А. Веттлауфер справедливо, на мой взгляд, связывает происхождение монтажа с импрессионизмом в живописи[211]. Импрессионистская картина должна была «собираться» в сознании зрителя из отдельных мазков или точек. Подобно этому, и монтажный образ должен был производить впечатление не только разъятия мира на элементы, но и его новой сборки, — но уже не как статическое, а как динамическое, заведомо не-цельное единство. На материале литературы подобный эффект наиболее точно проанализировал М. Л. Гаспаров в своем исследовании «Поэмы воздуха» (1927) Марины Цветаевой. Выводы ученого могут быть mutatis mutandis экстраполированы на довольно большое количество произведений, созданных в 1920-е годы. Гаспаров связывал эту методику с кубизмом, но, на мой взгляд, она в неменьшей степени напоминает коллажи в визуальном искусстве и монтаж в кинематографе:

Разорванность; отрывистость; восклицательно-вопросительное оформление обрывков; перекомпоновка обрывков в параллельные группы, связанные ближними и дальними перекличками; использование двусмысленностей для создания добавочных планов значения; использование неназванностей, подсказываемых структурой контекста и фоном подтекста, — таковы основные приемы, которыми построена «Поэма воздуха». Отчасти это напоминает (не совсем ожиданно) технику раннего аналитического кубизма в живописи, когда объект разымался на элементы, которые перегруппировывались и обрастали сложной сетью орнаментальных отголосков. Для Цветаевой это не только техника, но и принцип: ее этапы перестройки объективного мира в художественный мир или «мира, как он есть» в «мир, каким он должен быть… по [Божьему?] замыслу» — это (1) разъятие мира на элементы, (2) уравнивание этих элементов, (3) выстраивание их в новую иерархию[212].

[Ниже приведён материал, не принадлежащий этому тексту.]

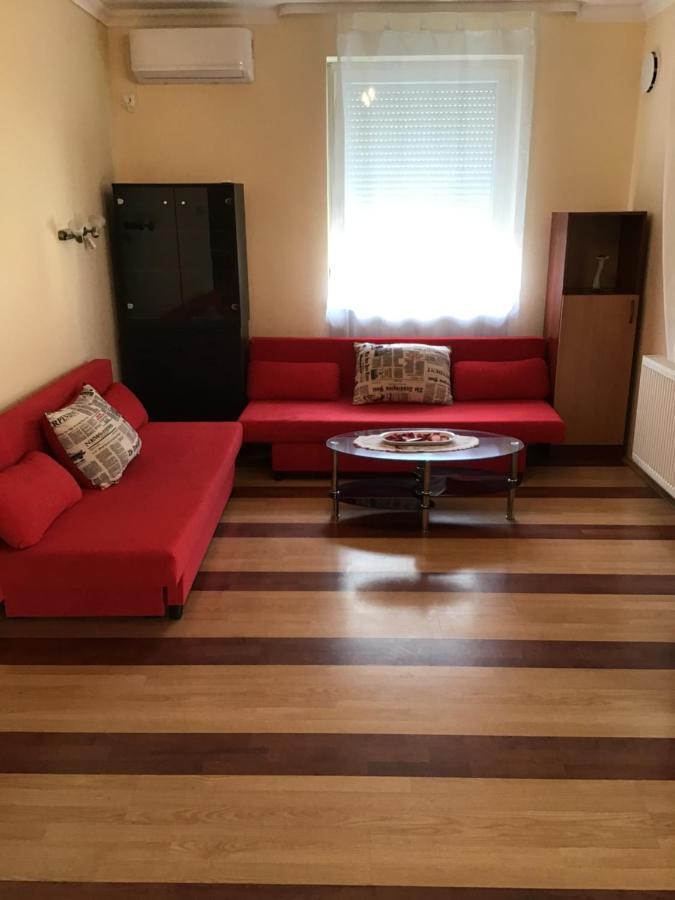 4 Lurko Apartman Uj Daire Hajdúszoboszló Dış mekan fotoğraf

Религиозность Цветаевой была сложной и неканонической[213], поэтому для более твердого ответа на вопрос о том, имело ли для Цветаевой это выстраивание элементов в новую иерархию религиозный смысл, а если имело, то какой, требовалось бы привлечь обширные дополнительные данные. Однако в целом можно констатировать, что описанные Гаспаровым принципы поэтики зрелой Цветаевой имеют много общего с философско-эстетическими системами Эрнста Блоха и Сергея Эйзенштейна — если соотносить рекомбинацию образов не с Божественным порядком, а с любым скрытым порядком вообще.

Блох часто цитировал в своих работах гностиков (Маркиона из Понта и других), которые считали, что истинное устройство мира скрыто от непосвященных; с другой стороны, он полагал, что такого «истинного» устройства мира, при котором человек возвратится к собственной природе, впервые обретет родину, — еще нет. Его только предстоит создать[214]. Это сотворение будущего, по Блоху, радикально изменяет и того/ту, кто творит, заново конструирует человека. Блох в своих поздних книгах использовал для обозначения этой взаимозависимости латинское выражение «Processus cum figuris, Figurae in processu» («Процесс творится теми, кто этим процессом создан»)[215]. Монтажный образ, сталкивающий фрагменты «неготовой» действительности, предстает как своего рода набросок, проекция этого «изменяющего сотворения».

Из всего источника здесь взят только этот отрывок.